L’esecuzione esclusiva della prestazione da parte del socio professionista si sostanzia attraverso l’imposizione di una serie puntuale di obblighi di informazione verso il cliente, posti a carico della società, dettagliati dall’articolo 4 e riguardanti:


  • il diritto del cliente di chiedere che l’esecuzione dell’incarico conferito alla società sia affidata ad uno o più professionisti da lui scelti;
  • la possibilità che l’incarico professionale conferito alla società sia eseguito da ciascun socio in possesso dei requisiti per l’esercizio dell’attività professionale;
  • l’eventuale esistenza di situazioni di conflitto d’interesse tra cliente e società, che siano anche determinate dalla presenza di soci con finalità d’investimento.

E’ conseguentemente previsto un obbligo della società di consegnare al cliente, perché possa operare una scelta libera e consapevole, l’elenco dei singoli soci professionisti, con l’indicazione dei titoli e delle qualifiche professionali di ciascuno, nonché l’elenco dei soci con finalità d’investimento.

La prova dell’adempimento degli obblighi informativi predetti è stabilito che debba risultare da un atto scritto.

L’articolo 5, in attuazione del principio della personalità dell’esecuzione della prestazione anche in caso di incarico conferito ad una società tra professionisti, regola l’ipotesi che il professionista designato si avvalga della collaborazione di sostituti ed ausiliari.

La sostituzione professionale è possibile solo in relazione ad attività che siano connotate da sopravvenute esigenze non prevedibili. E’ comunque garantita la facoltà del cliente, cui i nominativi dei collaboratori sono comunicati, di esprimere il proprio dissenso.

Il Capo III (articoli 6 e 7) definisce l’ipotesi di incompatibilità di partecipazione a più società tra professionisti sancita dall’articolo 10, comma 6, della legge 183/2011.


L’articolo 6, al comma 1, chiarisce che l’incompatibilità della partecipazione contemporanea a più società professionali si determina anche nel caso della società multidisciplinare e si applica per tutta la durata dell’iscrizione della società all’ordine di appartenenza.

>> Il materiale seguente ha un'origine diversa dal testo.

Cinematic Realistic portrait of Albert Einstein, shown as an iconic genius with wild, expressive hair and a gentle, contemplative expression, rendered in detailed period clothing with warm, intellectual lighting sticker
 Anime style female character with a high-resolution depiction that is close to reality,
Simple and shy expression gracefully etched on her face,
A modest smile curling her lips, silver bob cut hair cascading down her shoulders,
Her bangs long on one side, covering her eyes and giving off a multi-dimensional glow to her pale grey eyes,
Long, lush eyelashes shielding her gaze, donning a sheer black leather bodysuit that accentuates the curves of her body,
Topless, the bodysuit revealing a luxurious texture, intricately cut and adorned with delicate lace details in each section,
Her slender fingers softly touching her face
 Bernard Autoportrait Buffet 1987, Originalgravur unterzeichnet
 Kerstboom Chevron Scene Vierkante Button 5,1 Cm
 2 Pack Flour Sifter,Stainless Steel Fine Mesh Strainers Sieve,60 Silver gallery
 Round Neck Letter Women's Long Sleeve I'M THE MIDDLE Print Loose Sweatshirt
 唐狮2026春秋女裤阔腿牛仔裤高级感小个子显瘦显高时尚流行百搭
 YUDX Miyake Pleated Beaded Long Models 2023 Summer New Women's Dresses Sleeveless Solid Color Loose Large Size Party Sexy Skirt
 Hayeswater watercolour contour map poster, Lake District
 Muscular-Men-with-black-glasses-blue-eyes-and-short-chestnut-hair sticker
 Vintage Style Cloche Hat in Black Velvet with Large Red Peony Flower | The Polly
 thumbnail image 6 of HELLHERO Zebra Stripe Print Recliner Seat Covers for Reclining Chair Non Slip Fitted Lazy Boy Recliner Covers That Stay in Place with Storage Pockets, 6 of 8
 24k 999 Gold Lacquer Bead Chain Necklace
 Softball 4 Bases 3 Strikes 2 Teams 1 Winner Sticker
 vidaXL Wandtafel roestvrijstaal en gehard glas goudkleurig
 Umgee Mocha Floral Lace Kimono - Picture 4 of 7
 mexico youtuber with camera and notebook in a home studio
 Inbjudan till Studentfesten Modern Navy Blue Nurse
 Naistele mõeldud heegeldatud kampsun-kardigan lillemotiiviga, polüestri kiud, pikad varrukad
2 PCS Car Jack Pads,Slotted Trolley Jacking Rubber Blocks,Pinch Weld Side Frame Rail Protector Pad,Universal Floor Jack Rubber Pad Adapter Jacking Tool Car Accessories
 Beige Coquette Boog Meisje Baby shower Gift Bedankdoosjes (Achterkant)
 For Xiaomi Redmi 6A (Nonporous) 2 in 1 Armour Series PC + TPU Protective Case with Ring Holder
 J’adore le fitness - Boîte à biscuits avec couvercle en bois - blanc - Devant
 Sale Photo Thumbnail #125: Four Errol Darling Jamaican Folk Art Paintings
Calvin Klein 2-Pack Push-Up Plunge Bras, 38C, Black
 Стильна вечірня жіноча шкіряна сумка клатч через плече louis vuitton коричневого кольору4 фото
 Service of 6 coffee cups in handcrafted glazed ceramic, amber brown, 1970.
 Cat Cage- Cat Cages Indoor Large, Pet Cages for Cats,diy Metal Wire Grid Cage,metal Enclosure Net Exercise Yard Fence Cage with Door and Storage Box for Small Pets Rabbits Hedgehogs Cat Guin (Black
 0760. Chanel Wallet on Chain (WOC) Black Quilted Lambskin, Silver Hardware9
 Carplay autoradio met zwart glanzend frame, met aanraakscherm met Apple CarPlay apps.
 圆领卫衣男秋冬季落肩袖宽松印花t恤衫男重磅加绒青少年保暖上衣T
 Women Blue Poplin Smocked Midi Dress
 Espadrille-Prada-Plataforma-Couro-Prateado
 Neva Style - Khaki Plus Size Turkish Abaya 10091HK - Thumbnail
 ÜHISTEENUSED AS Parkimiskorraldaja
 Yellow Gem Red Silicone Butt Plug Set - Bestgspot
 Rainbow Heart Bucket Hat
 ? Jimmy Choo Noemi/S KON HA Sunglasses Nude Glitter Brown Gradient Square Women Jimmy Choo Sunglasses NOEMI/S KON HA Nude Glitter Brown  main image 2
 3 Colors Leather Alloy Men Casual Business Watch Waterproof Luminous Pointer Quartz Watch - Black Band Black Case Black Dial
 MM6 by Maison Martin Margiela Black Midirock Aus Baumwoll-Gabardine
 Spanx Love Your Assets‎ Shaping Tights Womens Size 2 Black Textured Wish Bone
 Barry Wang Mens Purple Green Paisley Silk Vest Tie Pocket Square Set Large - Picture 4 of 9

Il comma 2 della stessa disposizione individua il momento in cui l’incompatibilità viene meno con riferimento alle diverse possibili ipotesi di scioglimento del rapporto sociale (recesso, esclusione del socio o cessione dell’integra partecipazione).

Il comma 3 introduce una incompatibilità alla partecipazione dei socie per finalità d’investimento ove non siano in possesso dei requisiti di onorabilità previsti per l’iscrizione all’albo professionale cui è iscritta la medesima società cui appartengono.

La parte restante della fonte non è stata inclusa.